One thing “good Christians”do poorly is grieve.  Oh, maybe there’s a tear shed here and there.  A little pity party, and then we bite our lip and declare that it’s going to be okayGod has a plan.  He doesn’t give me more than I can handle.  And we try to move forward in the storm, denying the depth of the grief, anger and confusion we feel. 

The result is often someone who suddenly leaves their faith.  It seems like one day they just stopped believing God is there for them.  He doesn’t answer prayer.  He can’t be trusted. But it didn’t happen in one day.  It was a lifestyle of keeping hidden the real feelings in their hearts.  And in those secret places, bitterness and disbelief grew.

Our friends and family get uncomfortable when we’re still hurting and angry.  We get affirmation for putting on a happy face and saying that it’s going to be okay.  And can we really trust God with our true feelings?  Could we possibly tell him how hurt, confused and angry we are?

If he can’t be trusted with our true feelings now, let’s get it over and done with.  Wouldn’t you rather know the truth today, than to slap on that happy face and walk away bitter years from now? Unless we empty all the secret places of disappointment, God will never be able to fill them.

David was declared a man after God’s own heart.  Yet, he was such a sinner.  What made him so special to God? I think it was because he opened his heart.  Truly, ruthlessly opened his raw, wounded heart.  I can barely read sections of his Psalms out loud without blanching.
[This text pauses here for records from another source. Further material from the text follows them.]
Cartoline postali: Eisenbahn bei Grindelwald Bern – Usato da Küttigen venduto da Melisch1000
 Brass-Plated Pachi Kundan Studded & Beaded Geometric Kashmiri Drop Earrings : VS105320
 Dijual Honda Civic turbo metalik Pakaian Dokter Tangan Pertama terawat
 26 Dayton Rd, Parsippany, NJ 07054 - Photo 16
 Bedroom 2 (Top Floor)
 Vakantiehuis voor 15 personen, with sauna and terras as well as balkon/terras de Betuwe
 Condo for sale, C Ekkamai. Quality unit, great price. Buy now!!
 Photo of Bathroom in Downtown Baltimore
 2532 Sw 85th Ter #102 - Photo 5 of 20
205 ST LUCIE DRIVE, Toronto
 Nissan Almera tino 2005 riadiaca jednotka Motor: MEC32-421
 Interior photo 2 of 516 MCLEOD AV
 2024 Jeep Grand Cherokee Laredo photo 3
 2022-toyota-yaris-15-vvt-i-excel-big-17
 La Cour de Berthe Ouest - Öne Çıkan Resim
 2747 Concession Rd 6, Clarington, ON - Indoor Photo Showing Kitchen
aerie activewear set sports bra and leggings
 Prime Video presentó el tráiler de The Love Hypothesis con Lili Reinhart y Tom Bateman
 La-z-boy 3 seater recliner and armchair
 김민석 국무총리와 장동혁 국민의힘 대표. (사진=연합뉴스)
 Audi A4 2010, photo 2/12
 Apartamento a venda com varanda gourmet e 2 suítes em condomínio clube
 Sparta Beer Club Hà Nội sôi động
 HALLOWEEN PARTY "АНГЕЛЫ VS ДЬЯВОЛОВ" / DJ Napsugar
Such gut wrenching honesty that I don’t think I could say out loud as a “good Christian”.  But David opened all the secret places of his heart, and God was trusted.  He proved himself trustworthy.

One key to surviving this Storm is to be brutally honest with God with all of your feelings. You only have your preconceived notions of what you should be doing to lose.  You have God’s grace, understanding, mercy, love, forgiveness, acceptance, trust to gain.

Next time we’ll discuss ways to let it all out safely.  Because even though God can be trusted completely, not all of his people can be.  Oh yes, and God does give us more than we can handle.  He does it a lot.

Friday, January 4, 2013

Why Am I Not Enough? (Why Doesn't he Love me Anymore Part 2)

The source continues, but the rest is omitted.